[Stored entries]

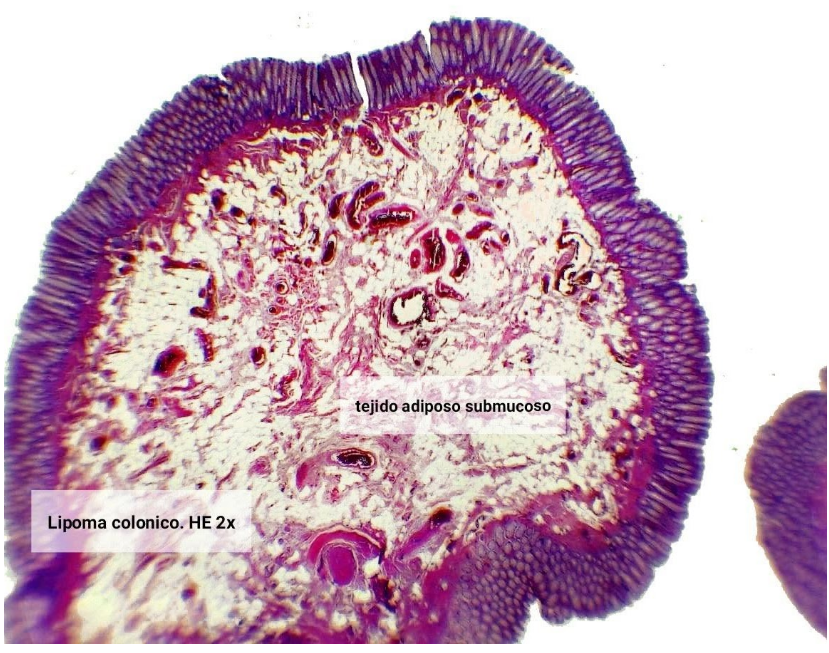 Lipoma de colon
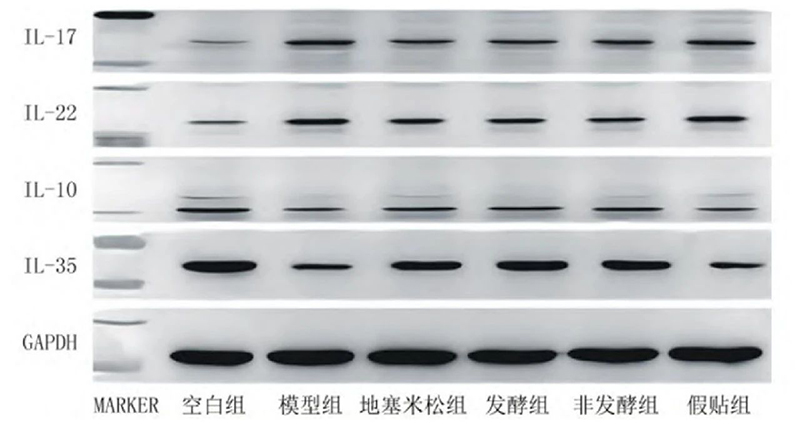 空白组和支气管哮喘各组大鼠肺组织中IL－17、IL－22、IL－10、IL－35蛋白表达电泳图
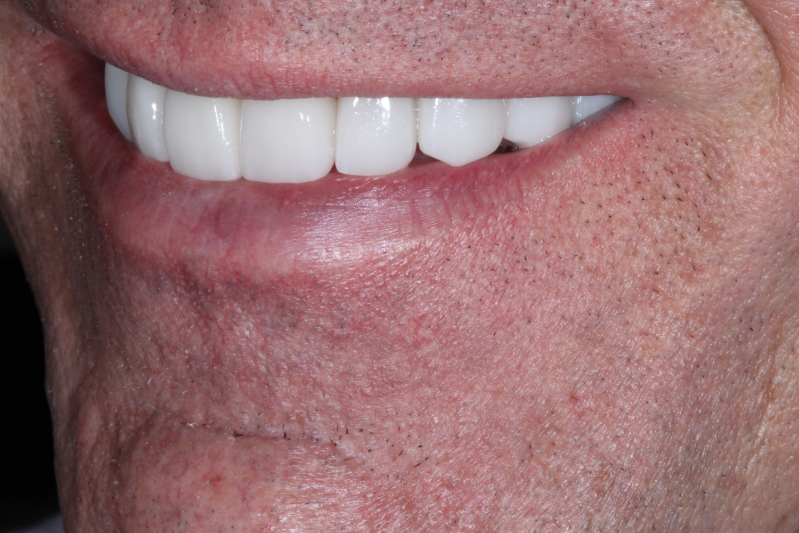 Before Porcelain veneers the difference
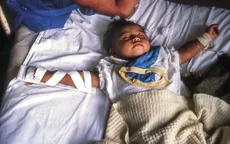 Gia tăng số ca mắc tả tại hơn 30 quốc gia, WHO cảnh báo về nguy cơ lan rộng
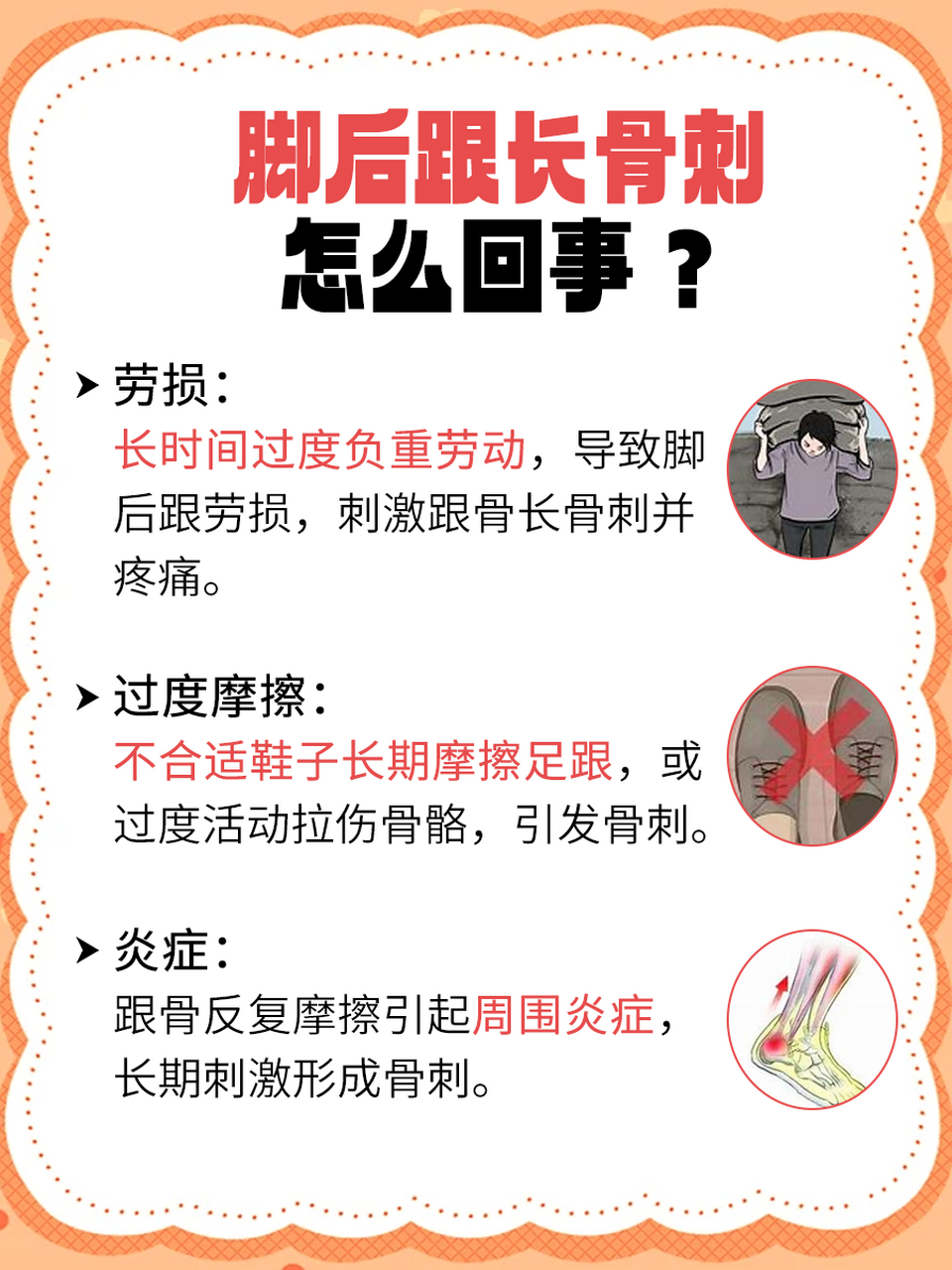 一文带你了解  08脚后跟长骨刺,医学上称为跟骨骨刺,是一种常见于中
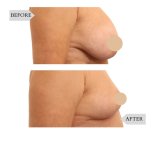 Результаты до и после подтяжки груди в InSense Clinic (SV Plastic Surgery Clinic), улучшенный контур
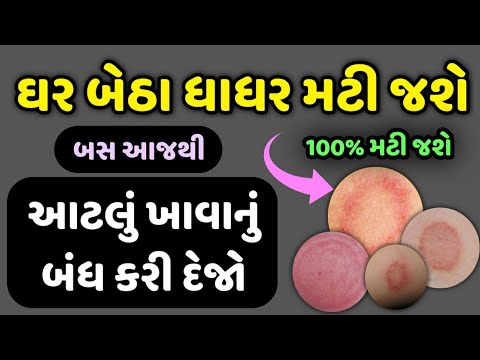 ઘર બેઠા ધાધર મટી જશે બસ આજથી આટલું ખાવાનું બંધ કરી દેજો || Veidak vidyaa || 1 ||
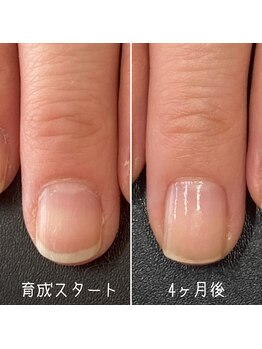 ネイルズ アヴァンティ(Nails Avanti)/割れやすい爪を育成4ヶ月コース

## Problem statement
All the records need to be set down word for word, with the images left out.

## Completed task
 Lipoma de colon
 空白组和支气管哮喘各组大鼠肺组织中IL－17、IL－22、IL－10、IL－35蛋白表达电泳图
 Before Porcelain veneers the difference
 Gia tăng số ca mắc tả tại hơn 30 quốc gia, WHO cảnh báo về nguy cơ lan rộng
 一文带你了解  08脚后跟长骨刺,医学上称为跟骨骨刺,是一种常见于中
 Результаты до и после подтяжки груди в InSense Clinic (SV Plastic Surgery Clinic), улучшенный контур
 ઘર બેઠા ધાધર મટી જશે બસ આજથી આટલું ખાવાનું બંધ કરી દેજો || Veidak vidyaa || 1 ||
 ネイルズ アヴァンティ(Nails Avanti)/割れやすい爪を育成4ヶ月コース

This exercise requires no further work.